Cabinet Office proposals to introduce higher specialist pay rates for senior civil servants working in two Whitehall professions has been slammed as "smoke and mirrors" by trade unions, who have called on the government not to ignore the need for more wide-ranging salary increases.
Under plans revealed by government this week, senior officials working in some finance and digital roles will become the first to benefit from enhanced pay rates this year, according to a document submitted to the Senior Salaries Review Board. The submission, which informs the SSRB’s deliberations on senior civil service pay for 2019-20, revealed that the government plans to introduce new target pay ranges for some SCS roles in the "more mature" government professions, with finance and digital, data and technology part of the first wave.
This would represent the first step towards implementing the proposed reforms to split SCS pay rates into three groupings, with finance and DDaT highlighted as being among “small numbers of roles in areas where the civil service needs to tailor its approach to compete effectively with the external market for senior, specialist skills”.

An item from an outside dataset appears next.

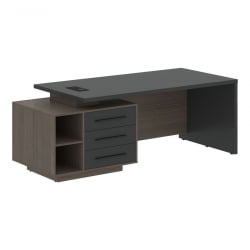 Стол руководителя левый VELION VCT 2190 L Яшма черный Дуб Сильвер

However, two civil service trade unions have warned that the proposal would not address the wider problems in SCS pay.
FDA assistant general secretary Lucille Thirlby told CSW that “overall feeling is this is smoke and mirrors”.
She highlighted that there is no new money being put into the system under the plans (detailed left) which she said was “the core cause of the systematic failures of the SCS pay framework”.
She added: “The specialist pay table highlights the two-tier nonsense of new recruits being brought in at a specialist pay range without having to make the case for specialist pay, however, departments will have to make robust business cases for existing civil servants to receive specialist pay as additional payments.”
She questioned whether the use of professions was the right basis for SCS pay reform, observing that only one civil service specialism – DDaT – had fully developed career frameworks.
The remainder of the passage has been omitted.